Thursday, October 21, 2010
Peristeria elata, the Holy Ghost Orchid
Peristeria elata is one of my favorite orchids because of its beauty and the tiny mimicry of a dove that is created by shape the column and the lip of the flower. I tried to grow Peristeria elata a number of times in the past and every time my plants would grow to a tremendous size, but then they would fail to bloom even after years of devoted care. I would eventually lose the plants mostly to neglect once it was clear they would not bloom ever. This was very frustrating for me since the culture of this plant is not that difficult. I Eventually found out why I never got flowers from my plants, the key was provided paradoxically by a plant that would not bloom for its previous owner.

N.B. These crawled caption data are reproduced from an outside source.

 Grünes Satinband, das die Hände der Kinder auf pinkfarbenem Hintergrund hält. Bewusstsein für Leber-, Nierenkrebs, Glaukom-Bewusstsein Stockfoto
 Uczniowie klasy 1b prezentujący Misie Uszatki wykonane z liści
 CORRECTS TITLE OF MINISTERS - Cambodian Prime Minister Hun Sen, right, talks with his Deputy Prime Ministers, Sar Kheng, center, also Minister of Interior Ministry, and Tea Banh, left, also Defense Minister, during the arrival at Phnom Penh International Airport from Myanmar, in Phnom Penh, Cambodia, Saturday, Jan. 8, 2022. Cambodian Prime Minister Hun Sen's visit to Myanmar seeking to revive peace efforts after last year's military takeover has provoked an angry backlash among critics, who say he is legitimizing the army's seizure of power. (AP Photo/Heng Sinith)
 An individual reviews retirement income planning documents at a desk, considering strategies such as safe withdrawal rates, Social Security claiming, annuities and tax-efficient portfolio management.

I was at an orchid show a few years ago and in a vendor's stall I spied the largest Peristeria plant I had ever seen. The pseudobulbs were enormous, each significantly larger than my clenched fist. I asked the vendor for the plant and heard a familiar story, in spite of excellent care, the plant would not bloom. I asked for the price in a distant, not very interested way and the vendor told me that since he was tired of devoting bench space to a non blooming plant, I could have it for $20.00. In a second I had brought the plant.
But this time around I did things differently with the culture of the plant. When the dry season started I stopped watering it. Even though the pseudobuls became wrinkled I resisted the temptation to water. Also no fertilizer was given to the plant. In addition to these measures, now I was living at a higher elevation than when I had my previous plants and every night in the dry season the plant would experience a 10F to 15F degrees temperature drop.

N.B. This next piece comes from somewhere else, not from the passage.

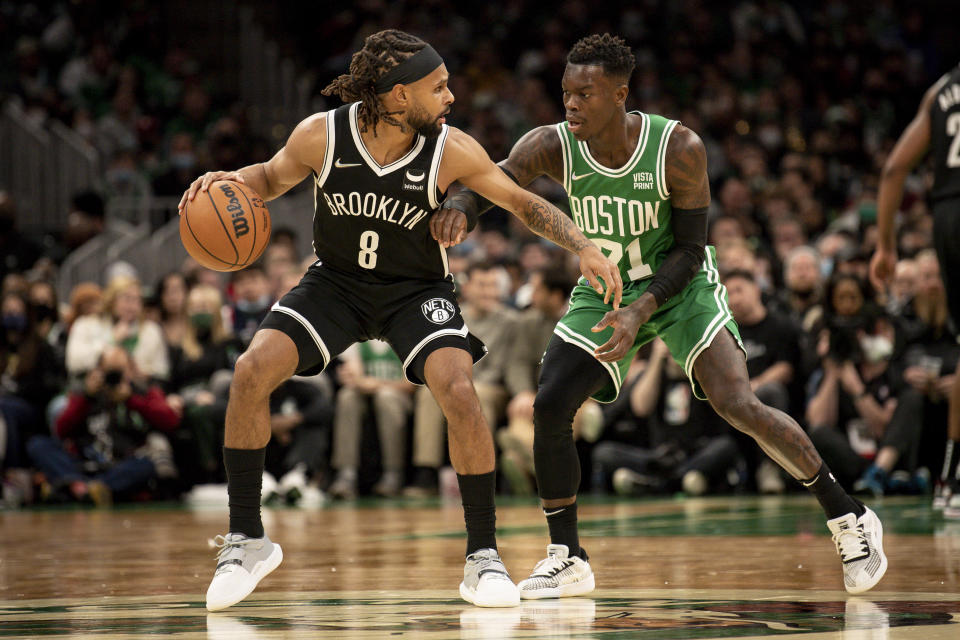 Seen here, Patty Mills of the Brooklyn Nets drives to the basket against Dennis Schroder of the Boston Celtics.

Nothing happened with this plant and for months on end it showed no sign of blooming or growing.
Then in the summer of 2007, I saw two green tips coming out of the base of one of the bulbs. One was clearly a new growth but the other appeared to be an inflorescence. As the weeks went by I was delighted with the fact that the plant appeared to be on its way to produce a very large inflorescence. The inflorescence topped out at four feet and a half and produced the largest Peristeria flowers I had ever seen. Impressively large and opening more widely than any Peristeria flowers I had seen previously, the flowers were a delight to the eye. They were also powerfully fragrant. They were so fragrant that the fragrance started getting a but cloying. The plant bloomed several years in a row and then I had to repot and divide it because it had filled its pot. I expect the divisions to start blooming next year.
So what is what I learned about this plant? I learned that for this plants I need to emulate their natural seasonal cycle to trigger blooming. In my case giving the plant year round watering and fertilizer will produce amazing plants but no flowers.
This orchid is the national flower of Panama and it is sadly endangered in the wild from overcolletion. But it is easily available in the market. If you have the time,the space and the appropiate growing conditions this is a good plant to grow and on the plus side it is also a handsome foliage plant that when well grown resembles a seedling coconut palm.